- Location: Songkhla Province, Thailand
- Date: 27 and 28 May 2007 09:00 – 16:00 (UTC+7)
- Target: JB Hat Yai Hotel, Hat Yai Garden Hotel and a Saba Yoi market
- Attack type: multiple bombings
- Deaths: 4
- Injured: 36
- Perpetrators: possibly Pattani insurgents

= 2007 Songkhla bombings =

Terrorist incident in Thailand

The 2007 Songkhla bombings took place in Songkhla Province, Thailand on 27 and 28 May 2007, and are believed to be part of the ongoing south Thailand insurgency. At least four people were killed and 36 were injured.

The explosions started in Hat Yai when a string of seven bomb blasts that injured 13 people in Hat Yai. Most of the bombs were hidden in garbage bins and detonated nearly at the same time starting at 21:00. But one bomb was hurled into JB Hat Yai Hotel and another exploded in front of Hat Yai Garden Hotel.

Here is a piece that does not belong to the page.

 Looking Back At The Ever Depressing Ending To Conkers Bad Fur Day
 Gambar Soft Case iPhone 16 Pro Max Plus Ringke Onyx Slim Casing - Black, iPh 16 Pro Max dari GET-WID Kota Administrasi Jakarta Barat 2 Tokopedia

The following day, a bomb exploded in front of a busy market in the Saba Yoi. The bomb, which exploded shortly after 16:00, was hidden in a motorcycle parked in front of the market next to a railway station. The motorcycle was destroyed by the blast, and a nearby car damaged, as were dozens of stalls belonging to fruit and vegetable vendors. The bombs were the first terrorist attacks in Songkhla since the south Thailand insurgency reignited in November 2004.